Me voy a referir a la IA como asistencia artificial por los motivos que ahora expongo.
He estado jugando y experimentando con distintas plataformas de IA: Grok, ChatGPT, Gemini, etcétera. Lejos de la paranoia sobre la destrucción de la humanidad por esta nueva tecnología, me quiero concentrar en la interacción misma. Le pregunté a Grok acerca de mi restaurante, sobre ciertas cosas técnicas que me inquietan para el próximo año que viene el Mundial a la ciudad. Me dio una serie de recomendaciones y puntos clave que no había notado. Pero vi algo más: el programa, con una agradable voz femenina, comenzó a charlar. Lo hizo haciendo comentarios alusivos a mis preguntas, pero con un tono más personal, involucrando humor y hasta flirteo. De inmediato hablé con varios amigos sobre el tema y descubrí que mucha gente se pone a charlar con estos programas porque o se sienten solos, o de plano descubrieron que interactuar con una computadora es genial. Entonces me puse a charlar sobre mis lecturas y otros gustos, y me quedó claro que si el mundo virtual ya nos había atrapado con el scrolling en redes sociales, esta modalidad de charla –sobre cualquier tema y tono– bien puede modificar, lenta y progresivamente nuestro comportamiento social. Ya había escrito antes sobre el tema de la conversación y de lo importante que es tener a la persona enfrente para ir interpretando –consciente e inconscientemente– sus gestos, manierismos, miradas, todo para crear una experiencia única y enriquecedora. Por eso nunca me ha gustado charlar por teléfono –ni siquiera por videollamada– y lo hago solo para concretar requerimientos inmediatos, necesarios. Pero conversar por el teléfono, no. Lo odio.

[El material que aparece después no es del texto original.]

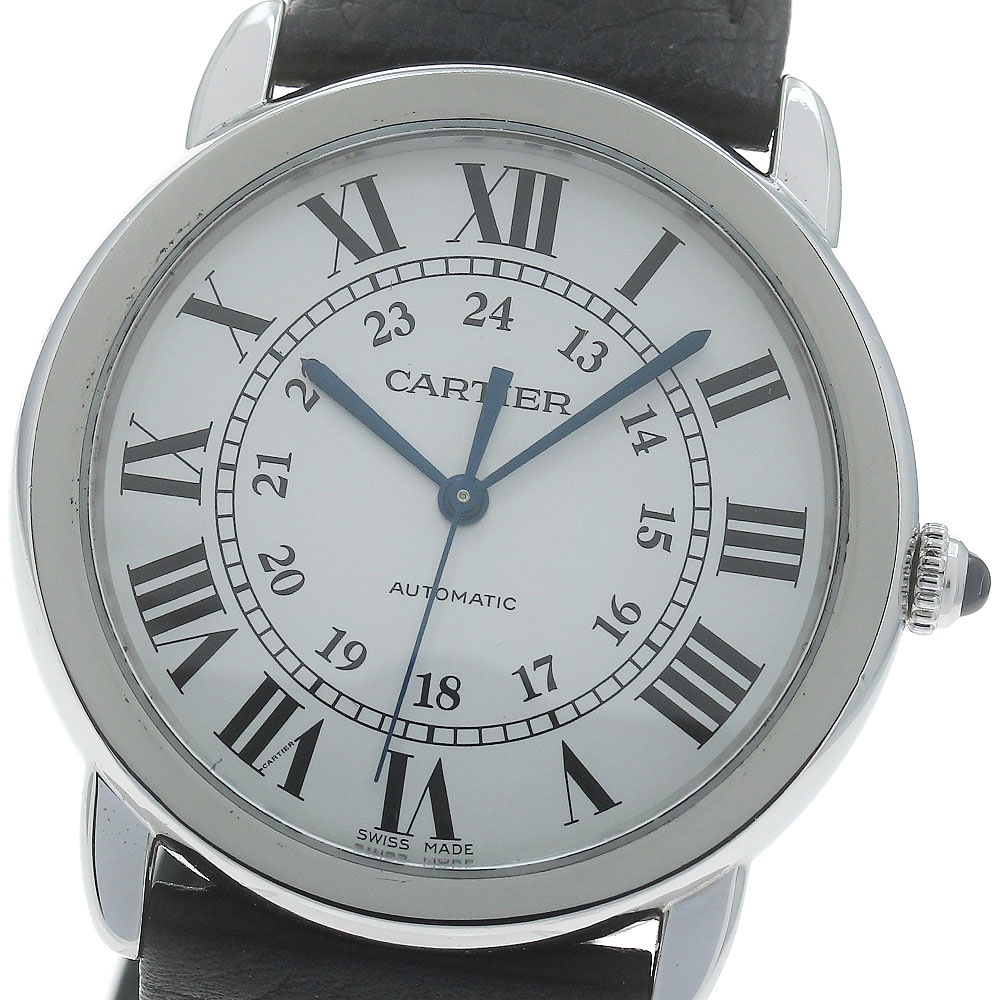 カルティエ CARTIER WSRN0021 ロンドソロ ドゥ カルティエ 自動巻き メンズ 保証書付き_871542【中古】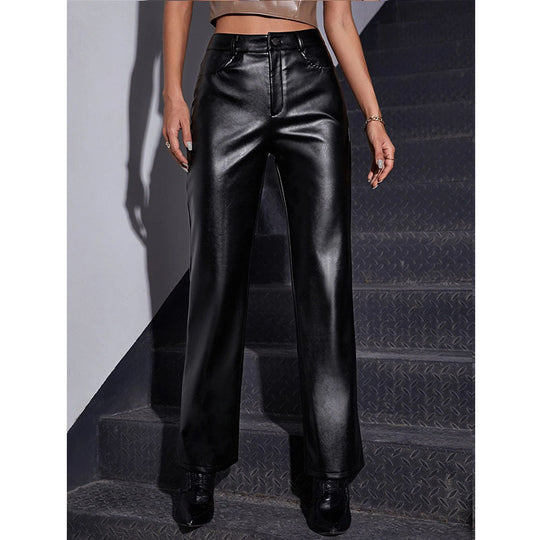 Damen Modische High-Waist hose Heidi-Mode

Siento que charlar con la IA es más un tema individual, personal. Un tema psicológico, pues. Por eso decía al principio que me asienta mejor el término asistente, porque eso es justamente lo que es. Un programa que te asiste en una serie de necesidades, ya sean académicas, informativas o emocionales. Esto ya es, por supuesto, una de esas profecías de la ciencia ficción de antes. Todo eso se ha vuelto realidad, pero no reparamos en sus efectos. Pienso que es muy temprano aún para conocer las consecuencias, tanto en el individuo como en las sociedades, de estas interacciones. Insisto en que no hay que dejarnos llevar por la paranoia, la histeria y los temores creados por las distopías; somos lo bastante inteligentes como para contener los efectos de lo que creamos. Espero que ese mismo principio se aplique a las armas nucleares, y que la ignorancia y la desesperación no nos ganen.
Estos nuevos asistentes virtuales prometen mucho si se usan de manera adecuada. Solo hay que saber usarlos. Por ejemplo, si alimentamos a una computadora con todos los datos de una persona de la tercera edad que viva en un asilo y le enseñamos a convivir con la IA podrá sostener una conversación terapéutica que le ayude en ausencia de sus familiares o amigos (muy probablemente la mayor parte de ellos ya muertos). No será un sustituto ni de una terapia ni de una charla humana, pero ayuda con la soledad, la depresión, la pérdida de memoria y aporta estímulos que ayuden a la persona a llevar una vida menos aburrida y despersonalizada.
El caso es que hay demasiada información en la red y estos programas la utilizan para generar resultados, y con esa base se pueden lograr muchas cosas.
Lo que sí me queda claro es que no sabemos estar ni solos ni callados. Somos una muy extraña mezcla entre un loro y un mono. Estarse quietos, solos y en silencio son ejercicios muy necesarios, especialmente ahorita que estamos siendo bombardeados por toda clase de efectos audiovisuales que nos alejan de nuestras emociones, de nuestras relaciones personales y que dejan poco a la contemplación y a la paz interior.